Dan Hall 08:28 That was quite a kind of high bar for your first. Like, my first ever seven. This shows the difference in our ages. My first seven-inch single I bought was Blondie's Call Me when I was five. Okay. And even now, I just think, what? What a start. Yeah, yeah. That is you pretty much had a good start as well.
Carrington Kelso 08:46 Yeah. No, she set the bar astronomically high. I am a huge fan to this day, and I really aspire to bring that kind of storytelling. Not only to the music and the visuals, but also to the stage.
Carrington Kelso 09:25 I give a huge nod again to Beyoncé, but also to artists like Janet Jackson. I think that growing up there were not many, if any, masculine figures that talked about sex in such a poetic way. And I grew up with a lot of shame around sex because of the shame that I was feeling around my sexuality.
Carrington Kelso 09:47 I think that it wasn't necessarily coming internally, but something that was kind of put upon me by the society that I was being raised around the Bible Belt. You know, growing up in a Christian household, there was a lot of lore around what it meant to be a gay man. And so when I stepped into my sexuality, say, college maybe a little bit before, I really wanted to be able to articulate how I was feeling, but in a tasteful way.
Dan Hall 10:17 When one is within 2 or 3 years of losing one's virginity, one kind of thinks sex is really serious, and it's not until you start to really enjoy it and become confident with it that you realise it should be enjoyable. And sometimes it's enjoyable because it's serious, sometimes it's enjoyable because it's joyful and silly. Right.
Dan Hall 10:38 It's allowed to be both of those spaces. Right.
Carrington Kelso 10:41 I couldn't agree more. I think that even after, you know, losing my virginity, putting my business out there, there was still a bit of shame because of the type of people that I was dealing with, people who were themselves, you know, still in the closet or ashamed of who they were and attempting to put that shame onto me.
Carrington Kelso 11:03 And it wasn't really until after college, I would feel like, you know, around 25, 26 where I was just like, no, I'm proud to be a sexual being. I know that's how all of us got here. And I know that it's a beautiful thing. Like you said, it can be fun. It can be serious. And I really wanted to incorporate that in my music because it brings me so much freedom.
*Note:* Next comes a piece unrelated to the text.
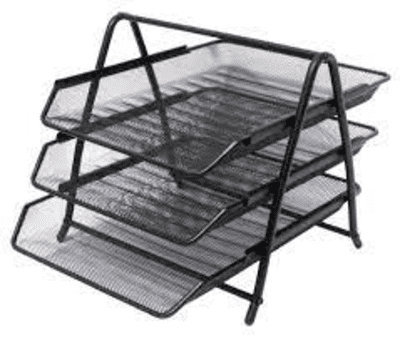 מעמד 3 מגשים שחור רשת <BR> לאחסון דפים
Dan Hall 11:28 So where do you feel that your move to a new area has changed your music that you're making?
Carrington Kelso 11:34 So, San Diego is very interesting so far. The music scene that I've explored has been very DJ and like electronic heavy, like, where do I fit in? Where does my music, where does my sound belong? And that has really encouraged me to explore what I'm trying to say in this new music. I think that when I came here, I had an idea of the project that I wanted to release.
Carrington Kelso 12:04 I released a couple of singles and the album that those singles were going to belong to wasn't ready to be written yet. And so I kind of tabled that project and started this completely new project that really centres acknowledging and sitting with the grief that I was feeling towards kind of giving up the life that I always thought I had.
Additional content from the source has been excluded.